+++ Exercise data

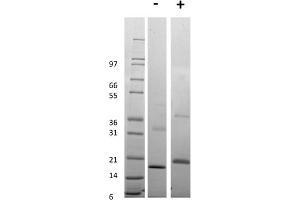 SDS-PAGE of Human Tumor Necrosis Factor Receptor Type 1 Recombinant Protein SDS-PAGE of Human Tumor Necrosis Factor Receptor Type 1 Recombinant Protein. (TNFRSF1A Protein)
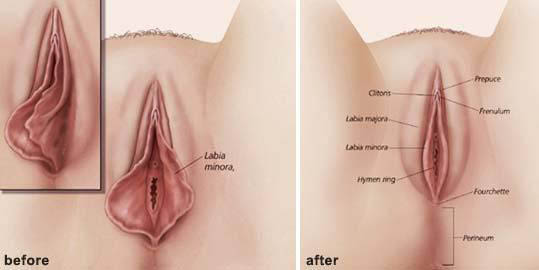 chirurgia intima femminile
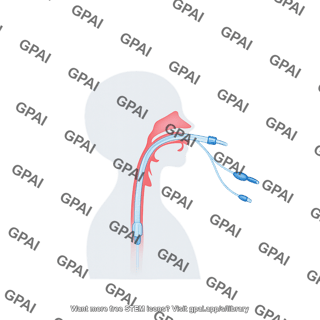 Tracheal tube on body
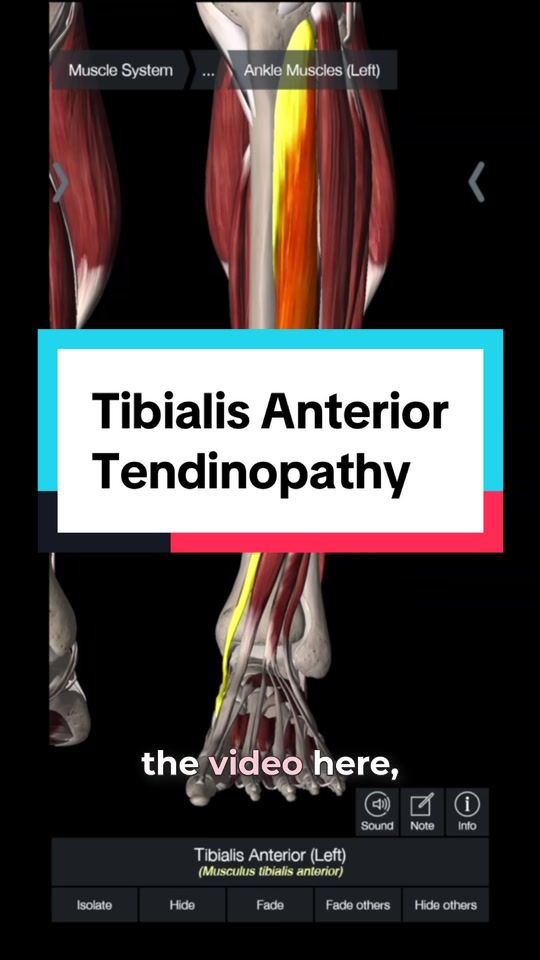 @Jacob Travis, PT, DPT, OCS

++++++

* **Task statement**
Exactly repeat every line from the line that includes "chirurgia intima femminile" to the end of the listing, and nothing else, leaving pictures out.

* **Task result**
 chirurgia intima femminile
 Tracheal tube on body
 @Jacob Travis, PT, DPT, OCS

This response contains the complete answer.